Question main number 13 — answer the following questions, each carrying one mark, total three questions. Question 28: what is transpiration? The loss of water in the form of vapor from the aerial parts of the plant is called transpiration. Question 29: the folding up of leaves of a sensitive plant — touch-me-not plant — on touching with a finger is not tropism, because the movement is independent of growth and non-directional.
==============================
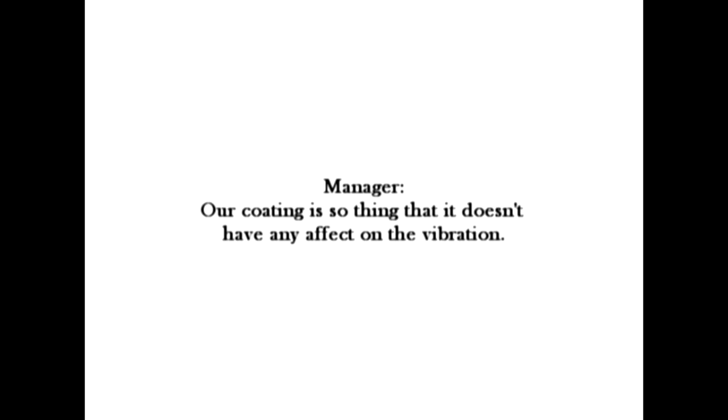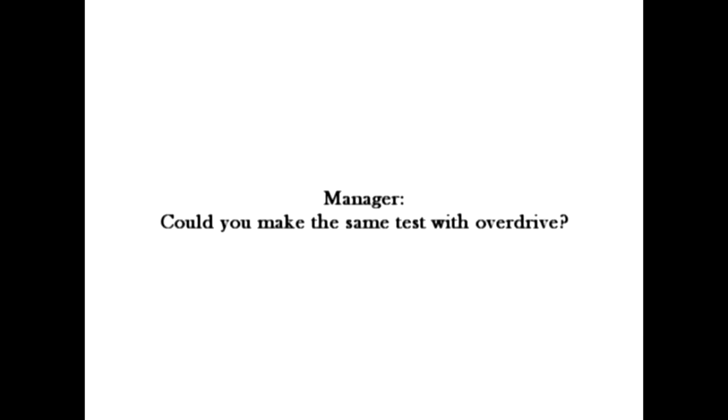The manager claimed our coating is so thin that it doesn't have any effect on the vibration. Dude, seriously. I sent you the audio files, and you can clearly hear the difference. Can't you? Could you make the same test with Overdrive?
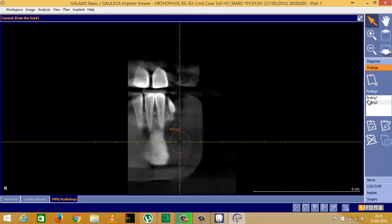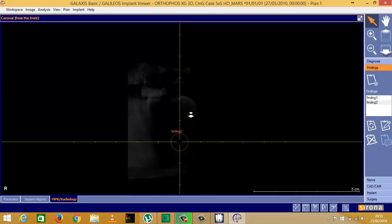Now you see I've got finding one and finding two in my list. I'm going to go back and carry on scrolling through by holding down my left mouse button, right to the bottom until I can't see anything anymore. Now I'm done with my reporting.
==============================
Required work. Within the entries above, give again exactly the lines starting at the one that contains "The manager claimed" and ending at the one that contains "Now you see", leaving out the pictures.

Task result.
The manager claimed our coating is so thin that it doesn't have any effect on the vibration. Dude, seriously. I sent you the audio files, and you can clearly hear the difference. Can't you? Could you make the same test with Overdrive?
Now you see I've got finding one and finding two in my list. I'm going to go back and carry on scrolling through by holding down my left mouse button, right to the bottom until I can't see anything anymore. Now I'm done with my reporting.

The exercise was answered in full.